Vritra se despertó temprano por la mañana; en lugar de sentirse renovado, se sentía más cansado.

Frotándose los ojos doloridos, miró a sus esposas, que dormían plácidamente a su lado en la cama.

Decidió no molestarlas y, tras desenredarse, se levantó de la cama.

Después de tomar un baño, se vistió y decidió ir a ver al general.

Para entonces, todas las mujeres también se habían despertado.

—Desayunaremos cuando vuelva —dijo Vritra mientras se daba la vuelta y salía de la tienda.

—¡Pobre diablo! —llamó Sinmiedo, con su aspecto aún oculto bajo la ropa.

—¿Cuánto tiempo vamos a quedarnos aquí? Ya ha pasado bastante —dijo el monje. Aunque le gustaba el entorno seguro de este lugar, tenían una misión que completar.

—¿Bastante tiempo? Si acabamos de llegar ayer, ¿de qué hablas? —preguntó Vritra, volviéndose para mirar al cansado Onest.

Tenía grandes ojeras oscuras bajo los ojos; parecía como si no hubiera dormido en semanas.

—Oye, ¿qué te ha pasado? —preguntó Vritra sorprendido.

—No lo sé, quizá he pillado alguna enfermedad o algo, me siento cansado —dijo, bostezando.

—Quizá Diana pueda ayudar, deja que te eche un vistazo más tarde —dijo Vritra, aunque su estado no parecía grave.

Sinmiedo estaba a punto de hablar, pero Vritra se giró y empezó a caminar hacia la tienda de Peter.

—Bueno, ya hablaré contigo más tarde —dijo.

Al llegar al exterior de la tienda del general, vio a dos soldados vigilando la entrada.

—¿No eres tú el de ayer? ¿Tienes algo que preguntar? —inquirió uno de los soldados.

—Quiero preguntarle algo al general, ¿está dentro? —preguntó Vritra.

—Sí, lo estoy. —El general salió de la tienda en ese preciso instante, sonriendo.

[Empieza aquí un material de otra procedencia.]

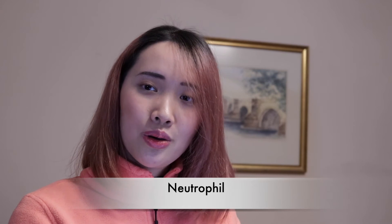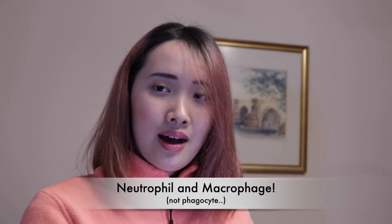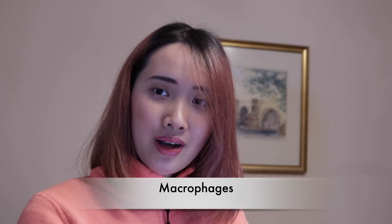Our neutrophils will also come in and secrete factors that can kill pathogens, and our neutrophils together with our phagocytes would execute phagocytosis to eat up the pathogens. Lastly, macrophages can produce cytokines to help with tissue repair.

—Dime, ¿qué tienes que preguntar? —dijo Peter, que ya iba vestido con su uniforme.

—Caminemos y hablemos —indicó Vritra con un gesto.

—Muy bien. —Peter asintió y entonces los dos empezaron a caminar hacia la entrada del campamento base.

—Planeo irme de este lugar hoy —dijo Vritra con seriedad.

—Oh, es una lástima. Tu presencia aquí habría sido de gran ayuda, pero no te preocupes, no te detendré en contra de tus deseos —dijo Peter.

—Mmm. Pero necesito un favor, ¿tienes uniformes de sobra? Creo que podrían ser útiles para sobrevivir fuera —añadió Vritra.

Peter no hizo ninguna pregunta; se rio y asintió:

—No hay problema, es un asunto menor. Uniformes es una de las cosas que no nos faltan, puedes coger cuantos quieras, tenemos de varios tipos.

El general condujo a Vritra hacia otro almacén donde había un montón de uniformes para diferentes puestos; no eran solo uniformes del ejército, también había de las fuerzas aéreas y demás.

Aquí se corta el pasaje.